**Your goal:** Data follows below. Repeat exactly the lines between the line holding "Shambles Carnival Club: Members, (Right)" and the line holding "Fondo de decoración", inclusive, and nothing more; drop pictures.

**Material for the task:**

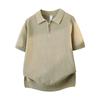 Solid Color Half Zipper Lapel Ice Silk Knitted Sweater POLO Shirt Men's Breathable Thin Short Sleeved T-shirt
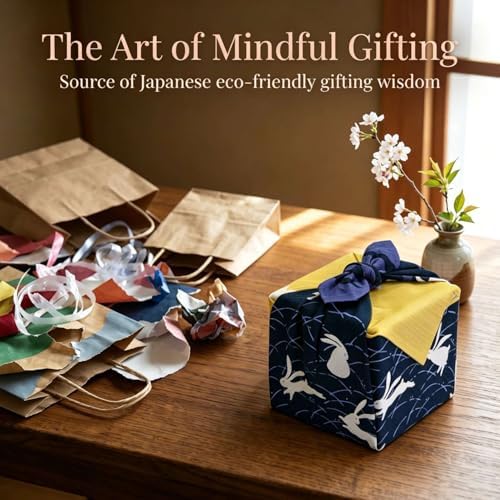 Furoshiki Japanese Wrapping Cloth, Large Size 27.6x27.6 Inch 70cm Reusable Gift Wrap, Eco-Friendly Fabric for Bento Bag, Wine Bottle, Table Decor Washable & Wrinkle Resistant (Moon Dancing Rabbit) - Image 4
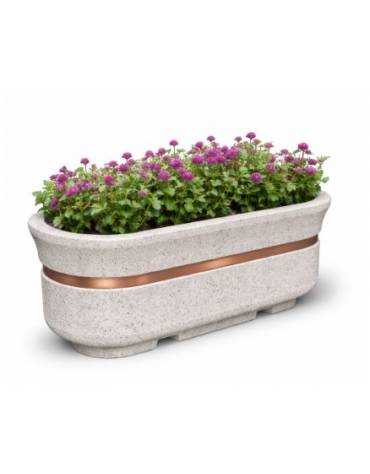 Fioriera ovale in cemento calcestruzzo - colore Bianco sabbiato - dispositivo autolivellante universale - cm 200x80x80h - CAM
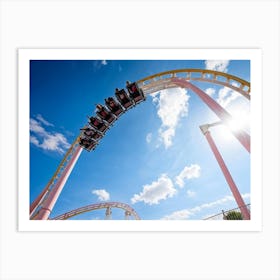 Exciting Roller Coaster Twisting Around A Sunlit Sky Safe Velvet Seats For Thrilling Riders Cheerf Art Print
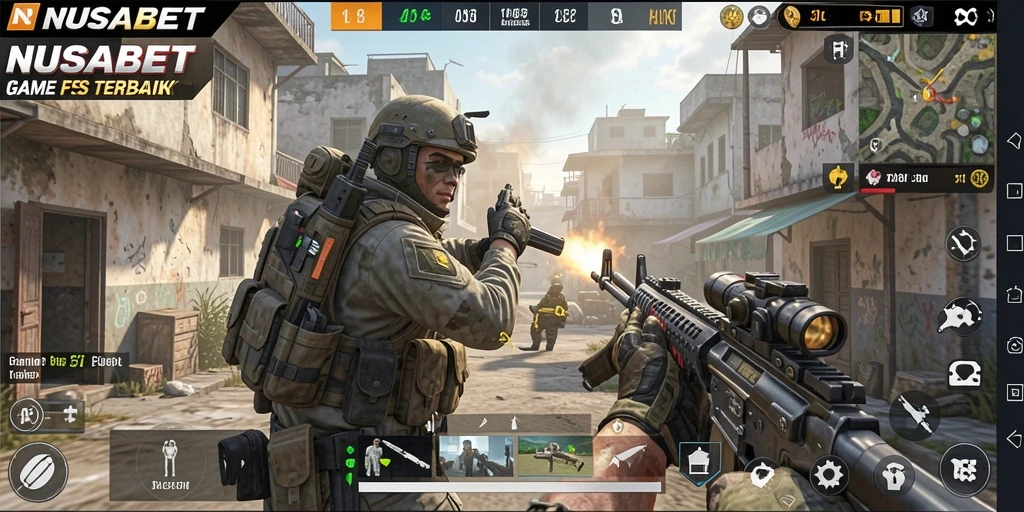 Gameplay intens NUSABET dalam mode tembak-menembak.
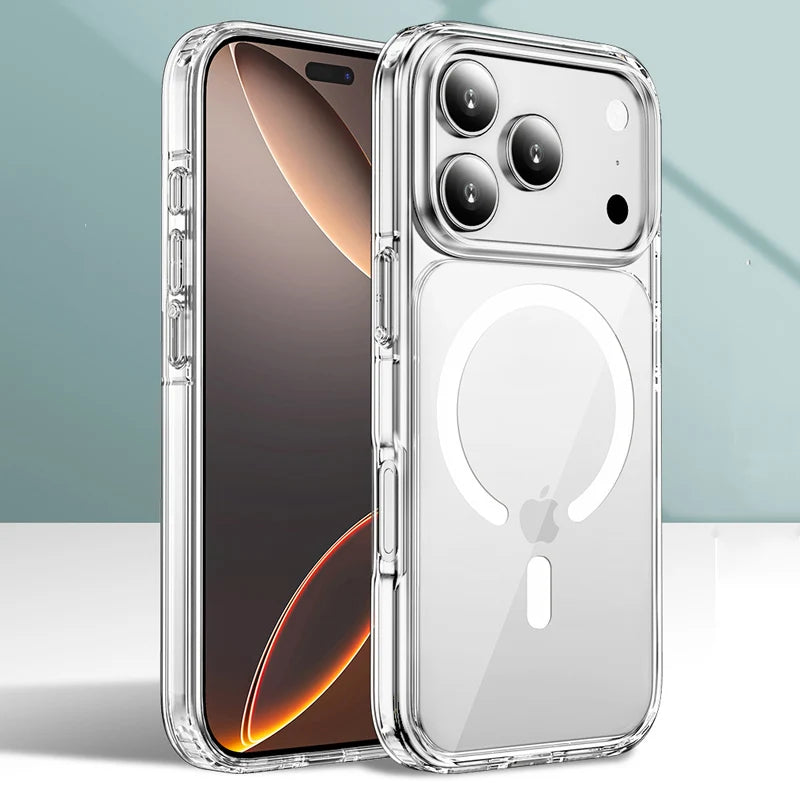 Clear Magsafe Wireless Charging Case For iPhone For iphone 17 Pro Max 17 Air 16 15 14 12 11 Ultra thin Hard Back Cover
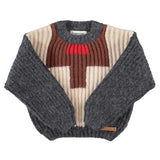 Knitted Sweater Dark Grey with Multicolor Geometric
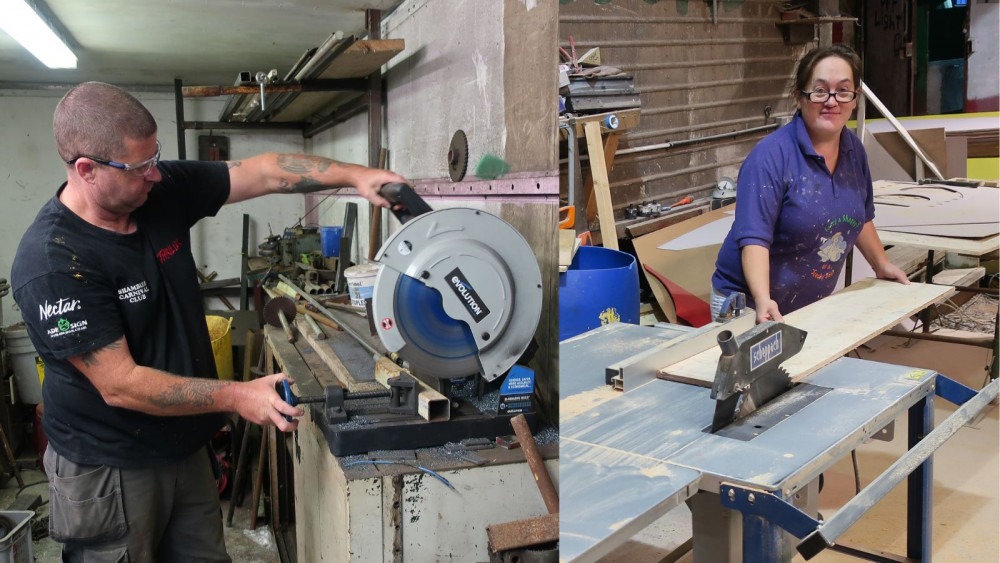 Shambles Carnival Club: Members, (Right) Gary Cox is cutting metal with the Chop Saw and (Left) Angela Davis is using the electric saw bench.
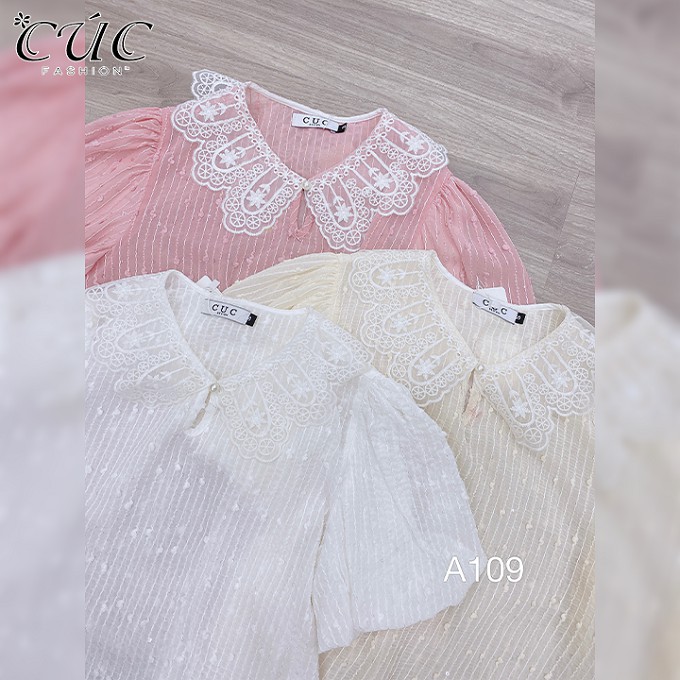 Áo sơ mi nữ công sở cao cấp Cúc Fashion A109 áo somi cổ ren tuyết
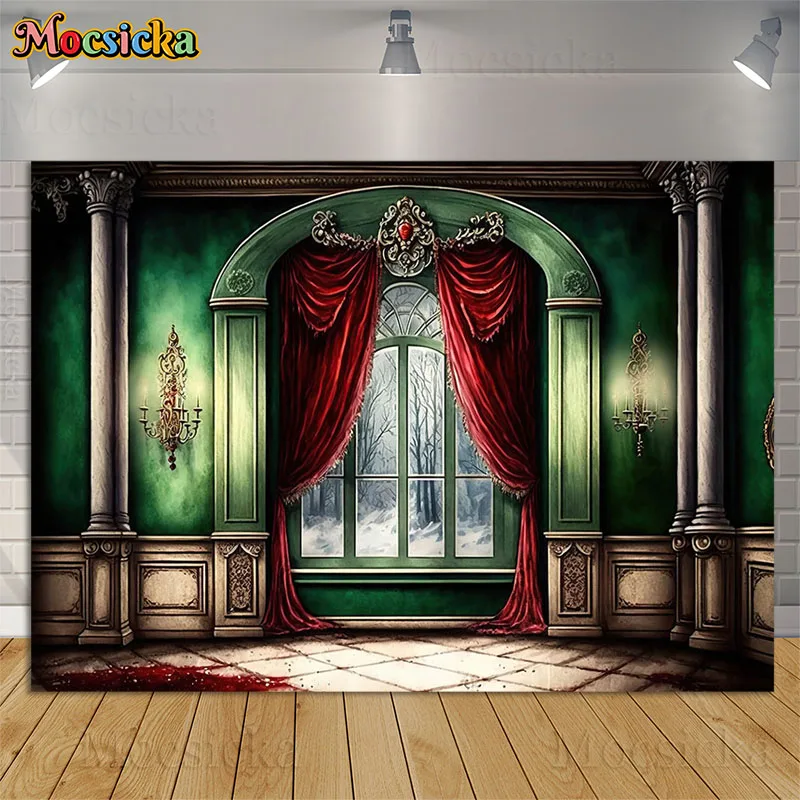 Fondo de decoración Interior de castillo, fotografía, cortinas rojas, pared clásica verde, retrato de vacaciones para niños, fondo de cumpleaños y boda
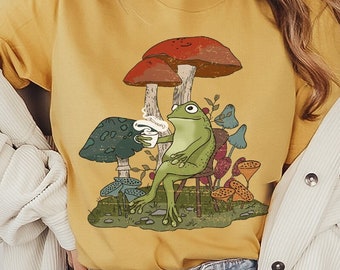 Frog Shirt, Mushroom Shirt, Coffee Shirt, Forest Shirt, Nature Shirt, Cottagecore Shirt, Goblincore Shirt, Gift For Her, Gift for Teen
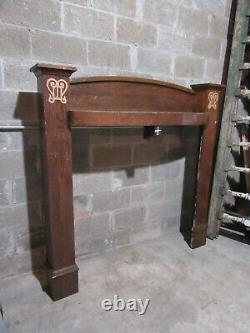 ANTIQUE OAK FIREPLACE MANTEL MISSION STYLE 63 x 61 47 OPENING SALVAGE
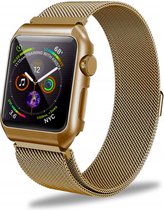 Bandje geschikt voor Apple smartwatch 42/44/45mm - Smartwatch bandje - Apple Iwatch bandje - Milanees bandje voor Apple Iwatch - Goud
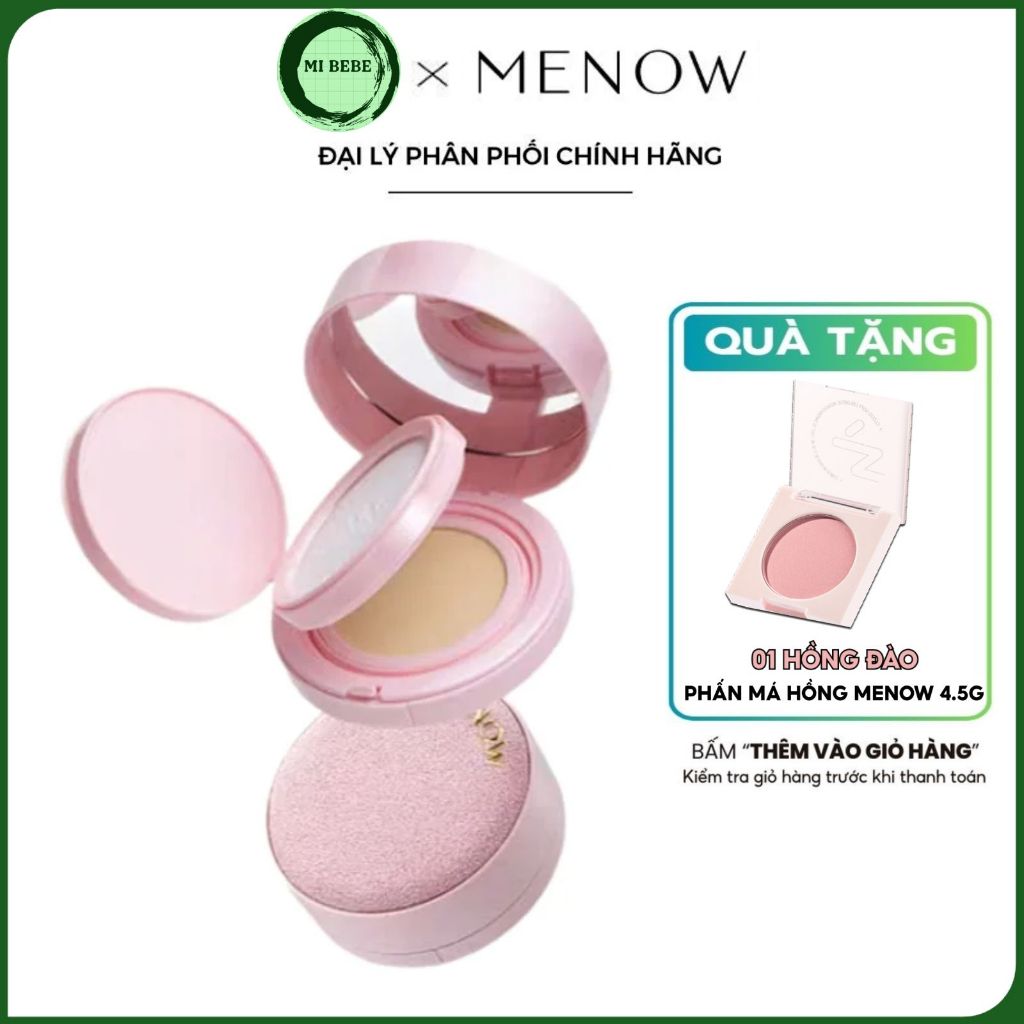 Cushion + Phấn Phủ 2in1 Menow Rouge Light Makeup Cushion Powder Cream Mịn Lì Che Phủ - Mibebe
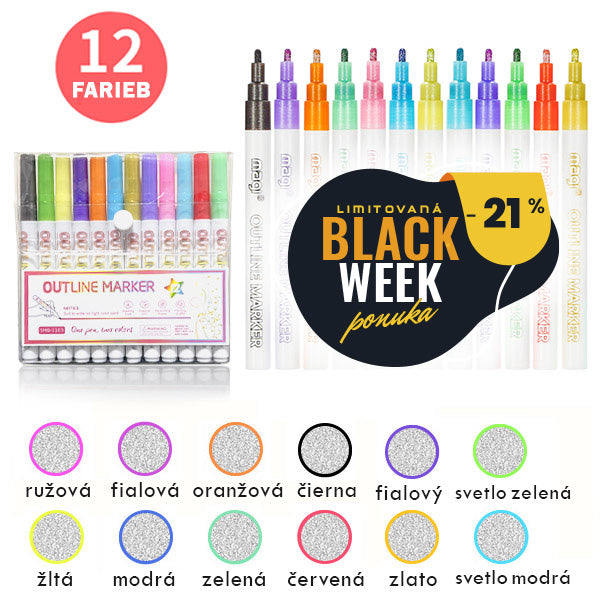 Sada farbiacich pier so strieborným kontúrom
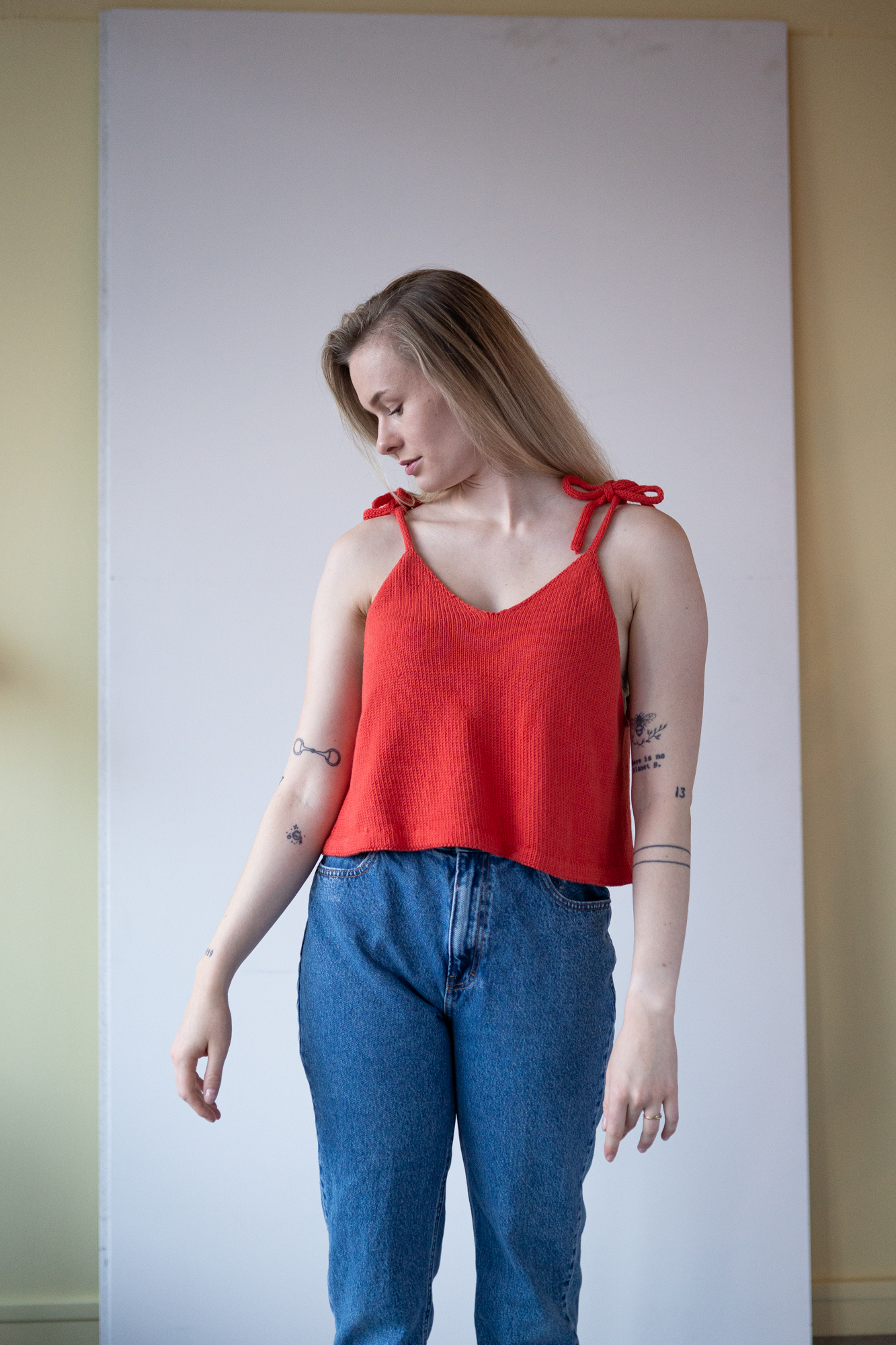 knitting pattern summer top in cotton icord straps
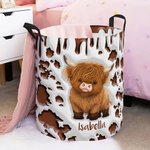 Personalisierte niedlichen Hochland Kuh wasserdicht Wäsche Aufbewahrungskorb mit Namen und Griff Kinderzimmer Dekoration Geburtstag Housewarming Geschenk für Kinder Familie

**Response box:**
 Shambles Carnival Club: Members, (Right) Gary Cox is cutting metal with the Chop Saw and (Left) Angela Davis is using the electric saw bench.
 Áo sơ mi nữ công sở cao cấp Cúc Fashion A109 áo somi cổ ren tuyết
 Fondo de decoración Interior de castillo, fotografía, cortinas rojas, pared clásica verde, retrato de vacaciones para niños, fondo de cumpleaños y boda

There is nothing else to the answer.